The use of astype(int) above converts the created boolean series of True/False values to a series of ones (True) and zeros (False), which may be more suitable for input to a model.

Any value that is not “ENGLISH”, including missing values, will be encoded as 0 above, i.e., 0 means “unknown or not English”. It may be better to restore the missing values to avoid mislabelling unknown English speakers:

prefer_english[df["Preferred Language"].isnull()] = np.nan

Which Encoding to Choose?

The encodings described above are the most common, but there are others and there’s also no fixed rule that you must you a certain type of encoding for a certain type of data. There may be applications where one-hot encoding an ordinal column would be appropriate, for example.

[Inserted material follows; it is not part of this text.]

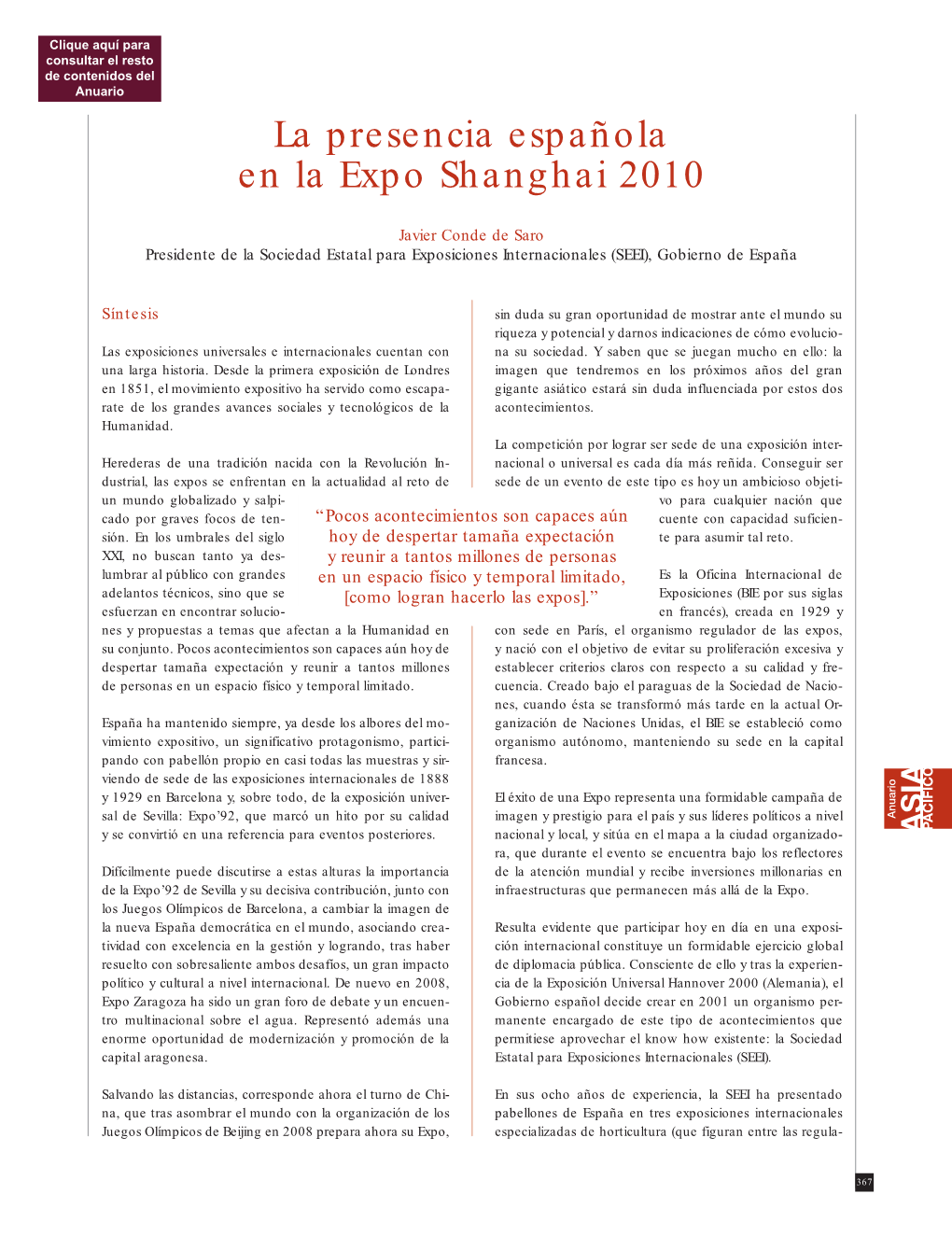 La Presencia Española En La Expo Shanghai 2010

Other Encoding Implementations

In the examples above we mostly convert the categorical values by defining Python dictionaries with the encodings and using the Pandas replace function. This works but there are other functions and libraries which can help do the job (and may be more maintainable and scalable depending on your use-case):

Unseen Values

If you’re developing a model with categorical data, it’s important to consider what to do, or how the model will behave, with data from new groups that are not present in the original dataset. Say you plan to use a model developed on the 2017 PCS data on new data from 2019, but a new region in New York has been added. How will patients from that region be treated by the model?

This is essentially a different form of missing data (in this case data the model doesn’t know how to interpret), which we discuss later.

Data Dictionaries

We’ve talked about converting a dataset of strings into numerical representations that can be incorporated into a model or other further analysis. It’s also common to be given a dataset that has coded values (numbers or other identifiers) to start with. For example, what if we started with data where Education Status was encoded as values 1 to 5. How would we know what 3 means?

Datasets should come with “data dictionaries” that explain what these values mean. You could change the encoded values to their meanings by defining them in a Python dictionary and using replace in the same way as above. Or you may need to link to another table or dataset - see linking datasets, Section 2.2.6.